▸ WORKING DATA
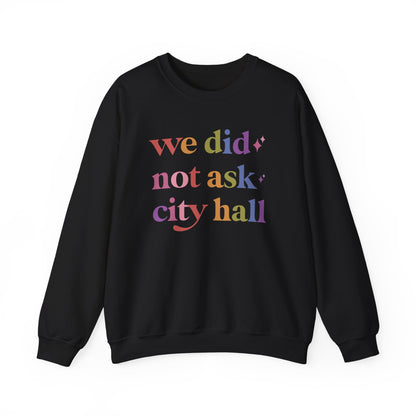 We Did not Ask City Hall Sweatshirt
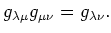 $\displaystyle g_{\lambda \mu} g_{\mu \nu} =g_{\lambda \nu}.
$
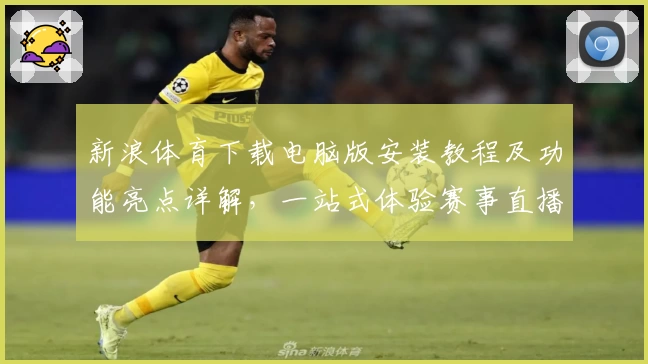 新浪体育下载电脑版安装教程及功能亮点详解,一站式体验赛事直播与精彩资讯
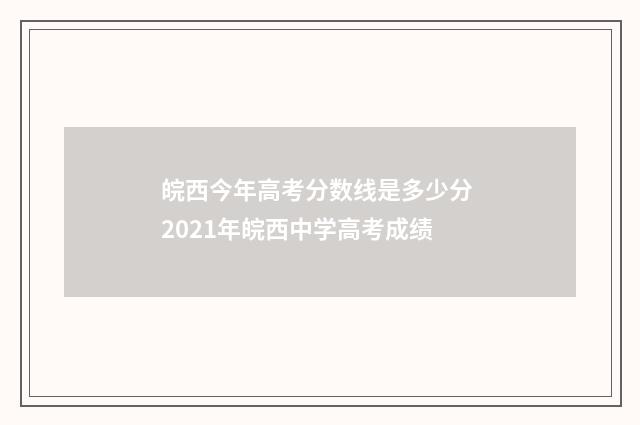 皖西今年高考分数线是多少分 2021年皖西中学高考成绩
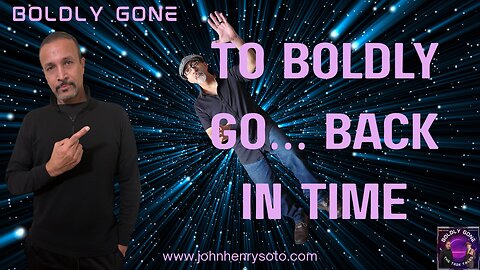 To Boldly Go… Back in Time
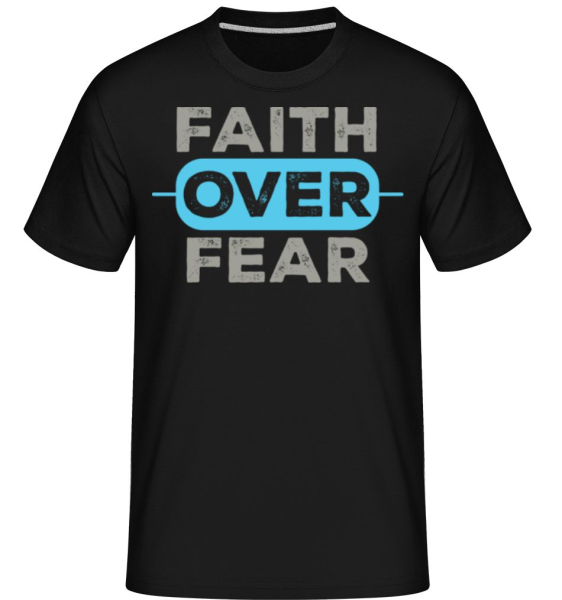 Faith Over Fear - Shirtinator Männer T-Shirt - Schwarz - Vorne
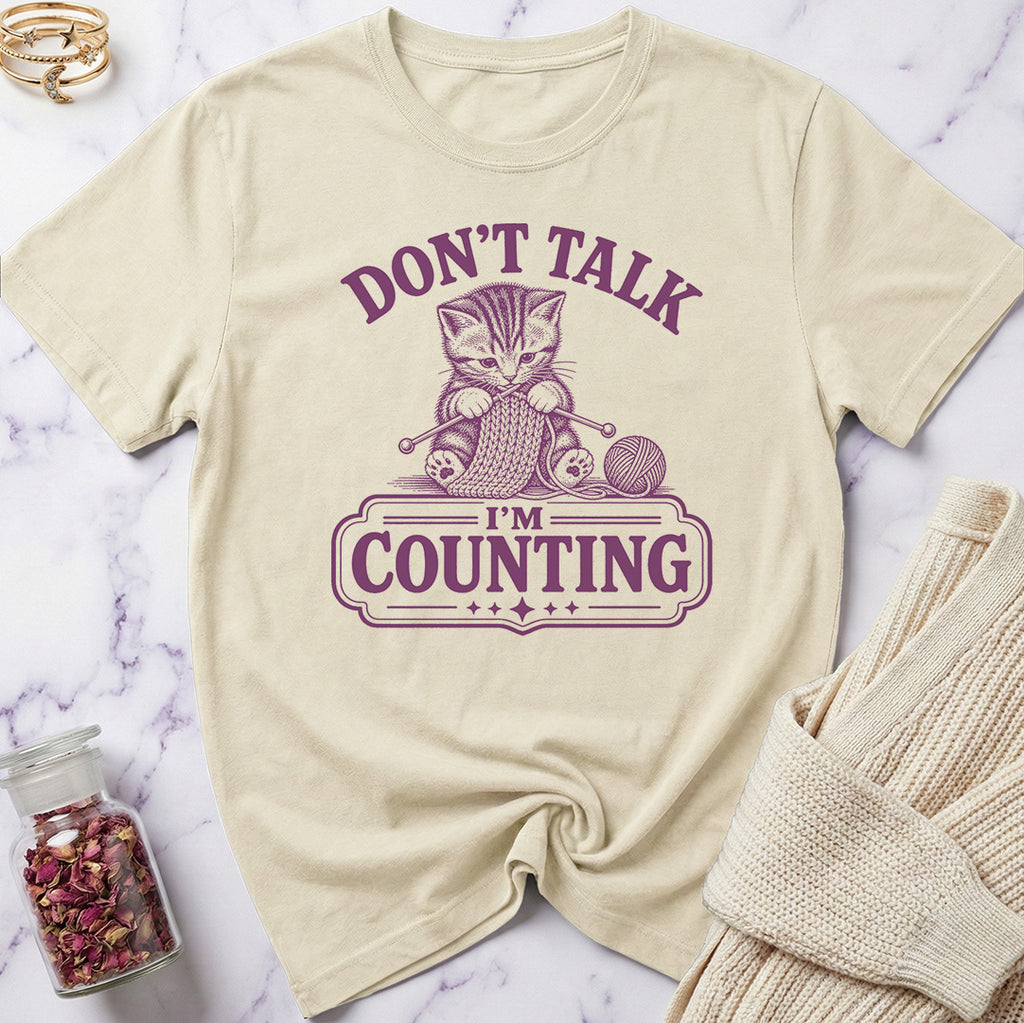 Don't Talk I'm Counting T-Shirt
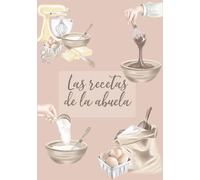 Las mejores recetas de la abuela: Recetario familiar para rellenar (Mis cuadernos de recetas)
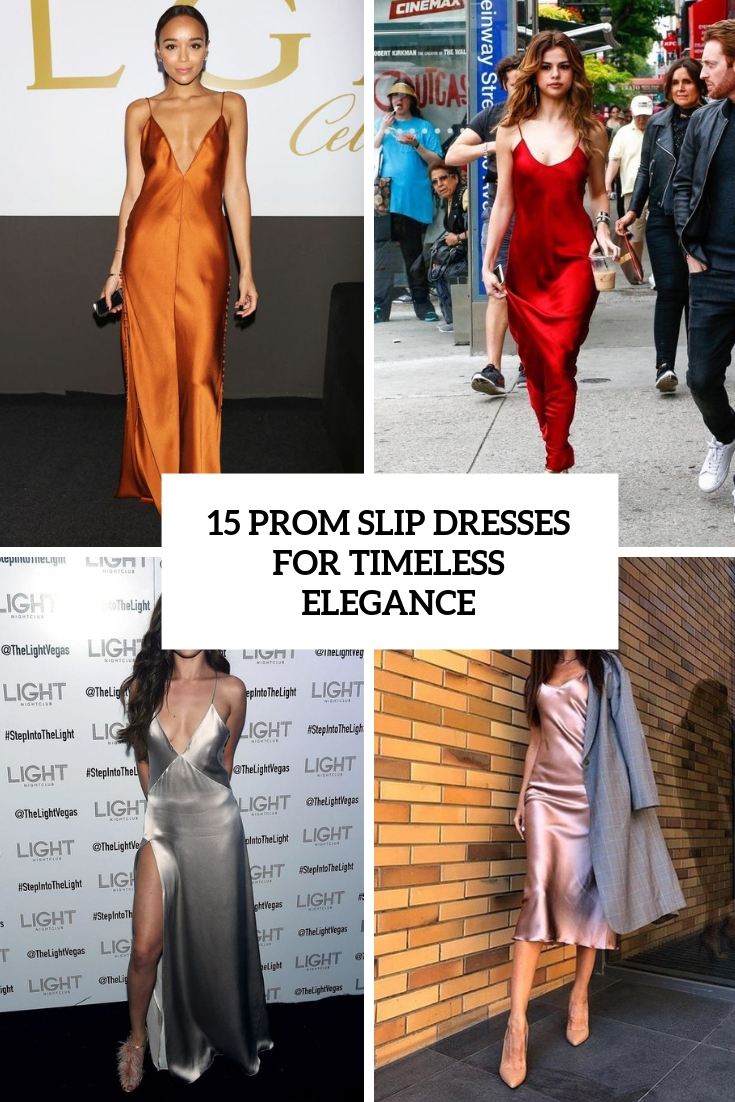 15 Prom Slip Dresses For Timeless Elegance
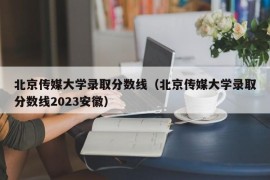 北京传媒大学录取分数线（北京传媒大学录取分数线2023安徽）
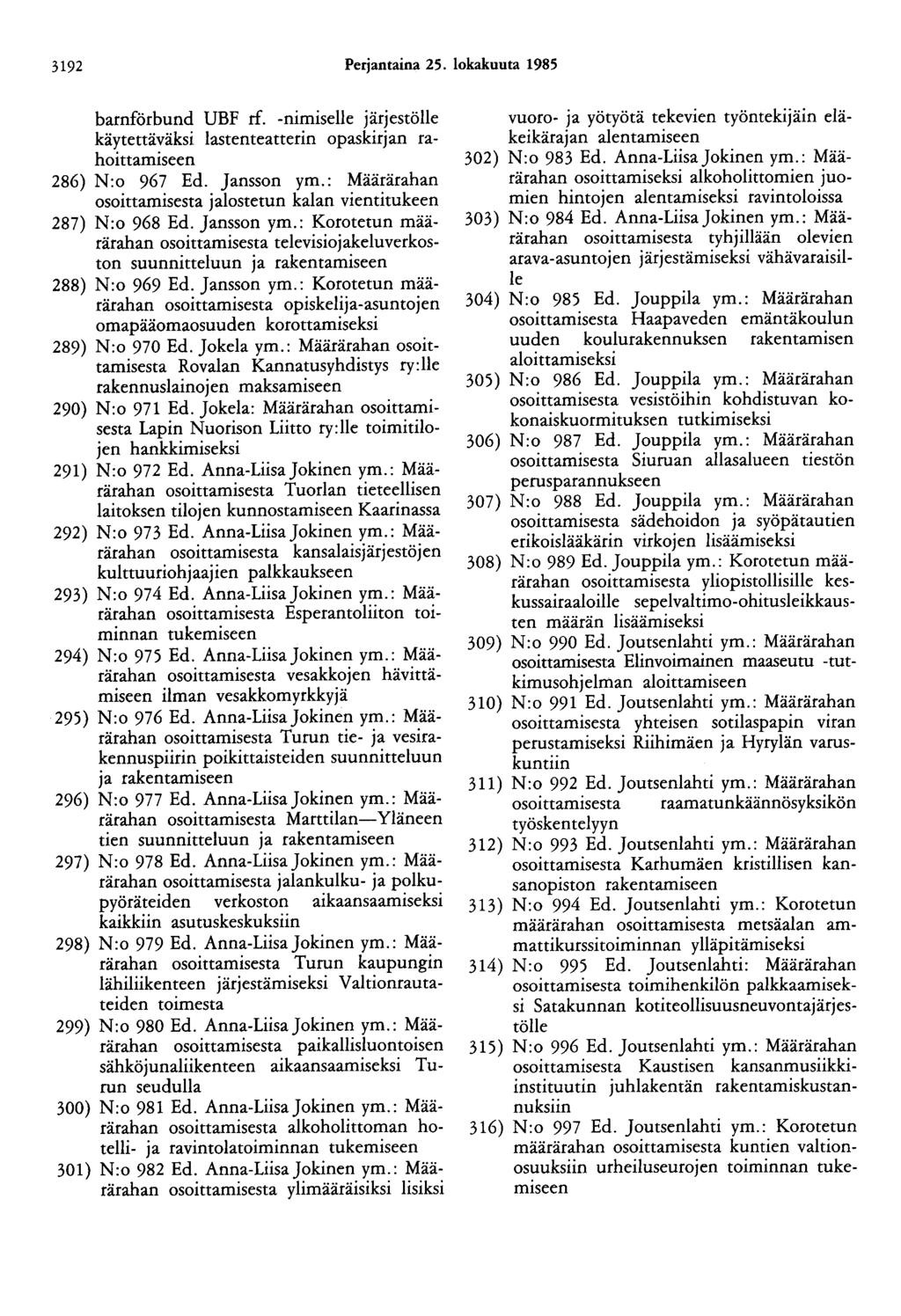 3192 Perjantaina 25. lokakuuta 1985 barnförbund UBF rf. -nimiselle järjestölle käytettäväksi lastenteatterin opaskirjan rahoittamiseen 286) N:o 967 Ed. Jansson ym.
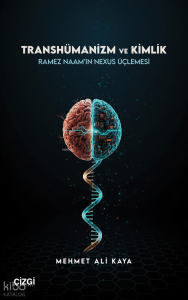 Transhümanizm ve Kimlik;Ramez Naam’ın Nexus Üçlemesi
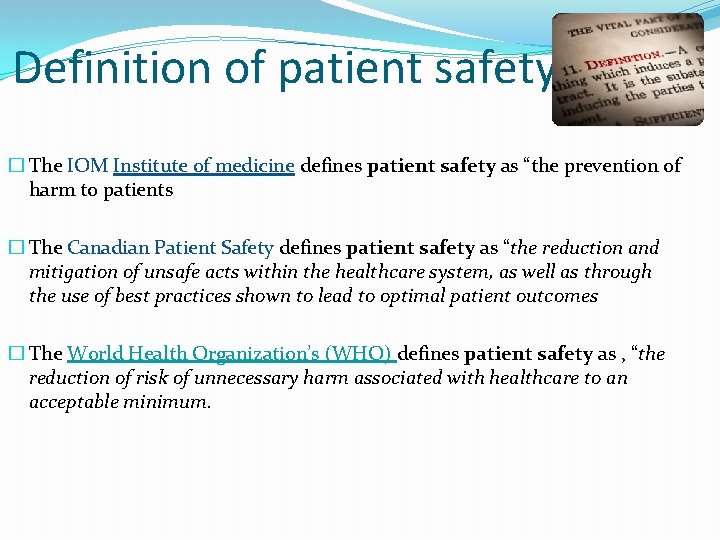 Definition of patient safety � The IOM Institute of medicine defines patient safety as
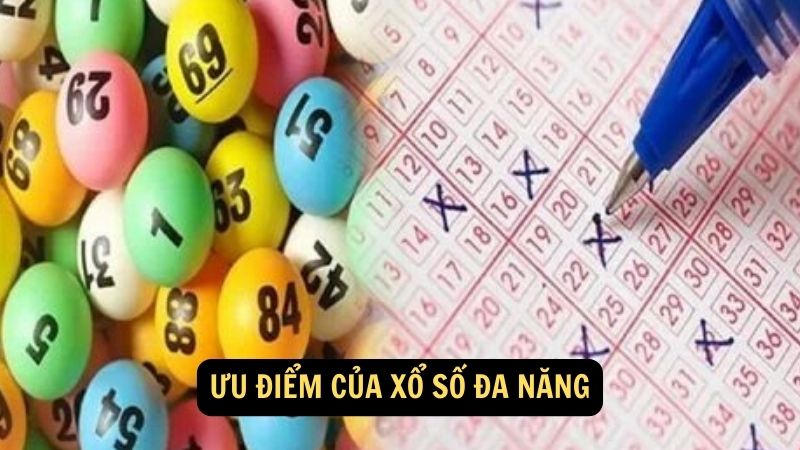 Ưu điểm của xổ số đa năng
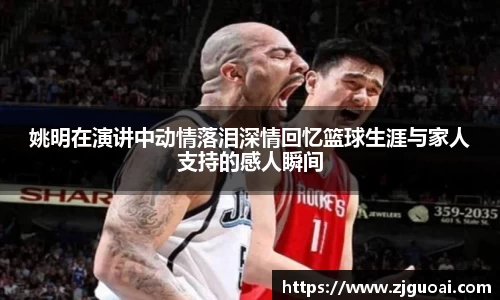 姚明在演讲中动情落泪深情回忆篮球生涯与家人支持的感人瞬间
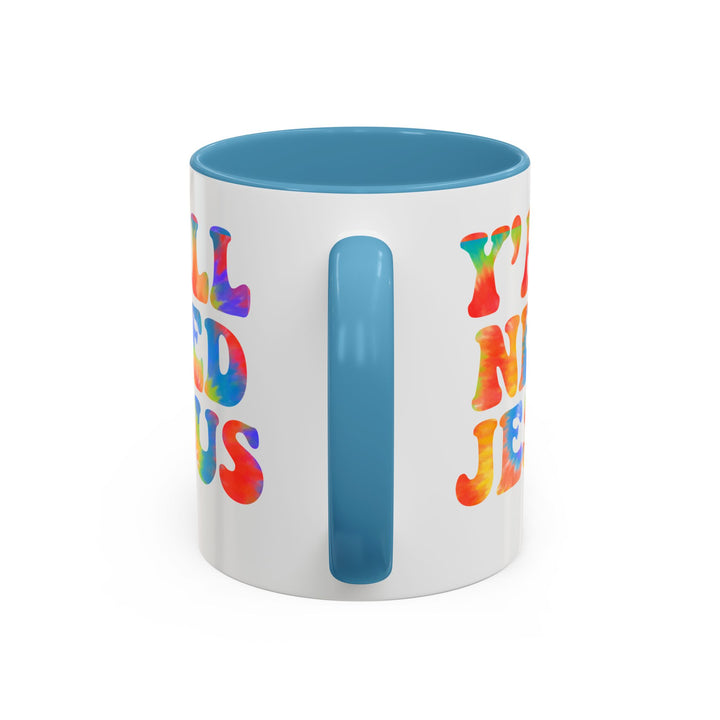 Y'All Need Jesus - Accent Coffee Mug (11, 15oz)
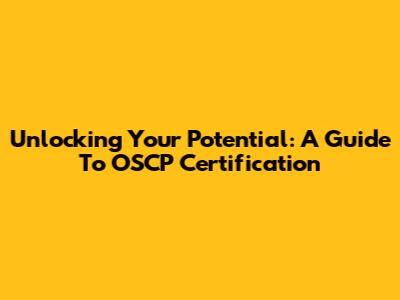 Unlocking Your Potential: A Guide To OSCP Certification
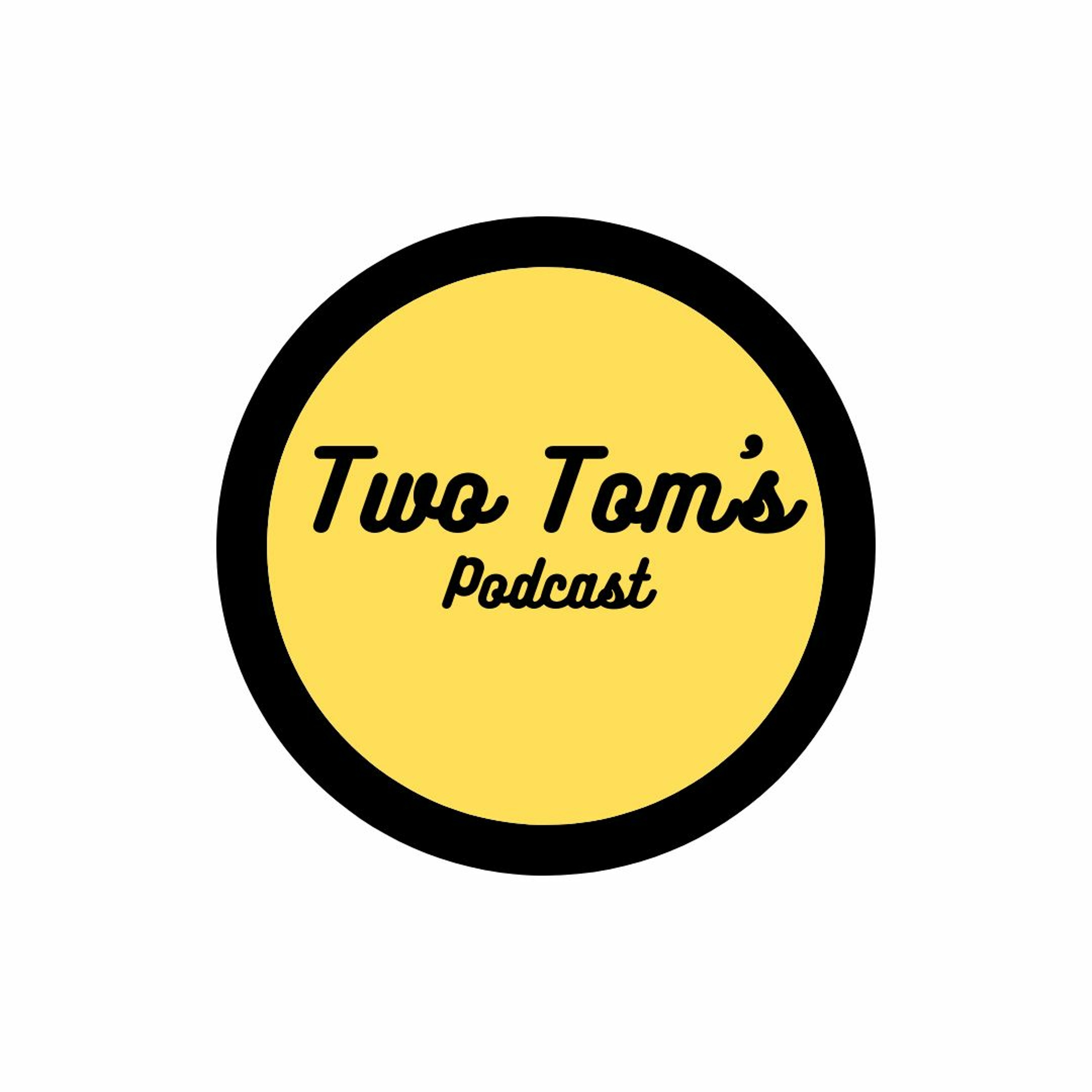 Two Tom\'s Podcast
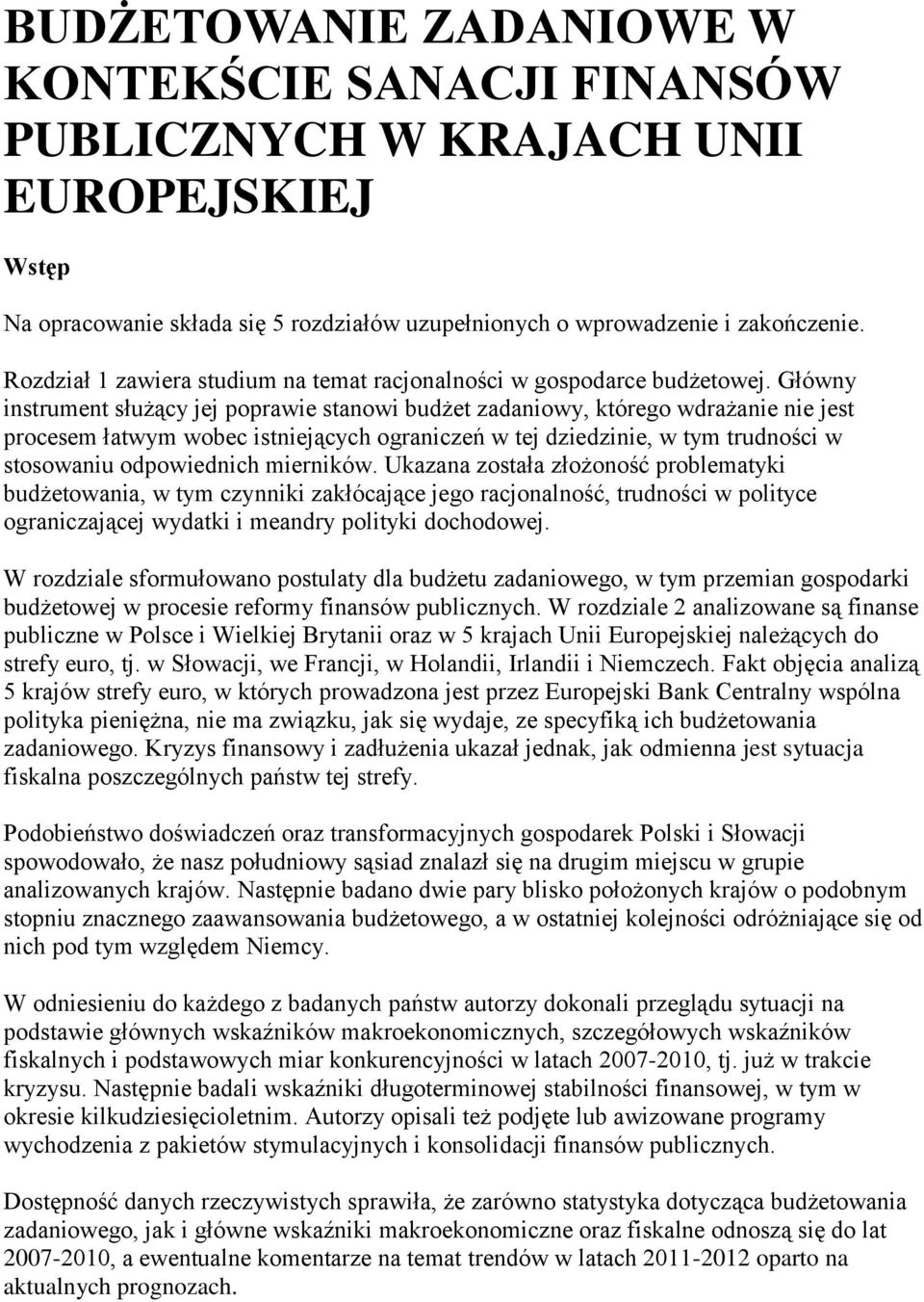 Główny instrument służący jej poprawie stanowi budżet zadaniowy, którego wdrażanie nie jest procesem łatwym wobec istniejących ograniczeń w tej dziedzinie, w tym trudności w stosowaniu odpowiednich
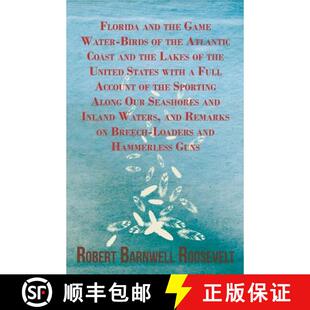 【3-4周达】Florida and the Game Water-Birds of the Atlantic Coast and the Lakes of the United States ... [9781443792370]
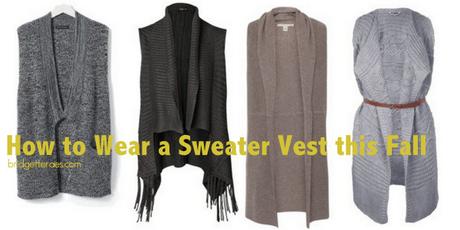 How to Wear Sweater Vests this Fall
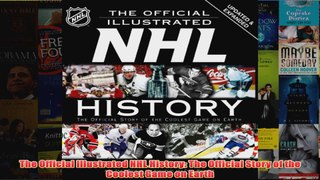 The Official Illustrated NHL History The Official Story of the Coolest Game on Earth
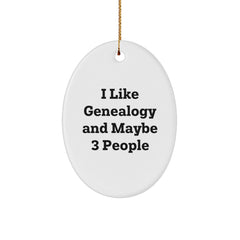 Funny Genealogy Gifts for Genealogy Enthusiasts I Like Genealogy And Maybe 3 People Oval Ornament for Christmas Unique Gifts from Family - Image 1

▸ INSTRUCTIONS FOR THE TASK
Copy word for word the lines above, starting at the line containing "北京传媒大学录取分数线（北京传媒大学录取分数线2023安徽）" and ending at the line containing "姚明在演讲中动情落泪深情回忆篮球生涯与家人支持的感人瞬间", inclusive, with no pictures.

▸ OUTPUT FOR THIS EXERCISE
 北京传媒大学录取分数线（北京传媒大学录取分数线2023安徽）
 3192 Perjantaina 25. lokakuuta 1985 barnförbund UBF rf. -nimiselle järjestölle käytettäväksi lastenteatterin opaskirjan rahoittamiseen 286) N:o 967 Ed. Jansson ym.
 Transhümanizm ve Kimlik;Ramez Naam’ın Nexus Üçlemesi
 Definition of patient safety � The IOM Institute of medicine defines patient safety as
 Ưu điểm của xổ số đa năng
 姚明在演讲中动情落泪深情回忆篮球生涯与家人支持的感人瞬间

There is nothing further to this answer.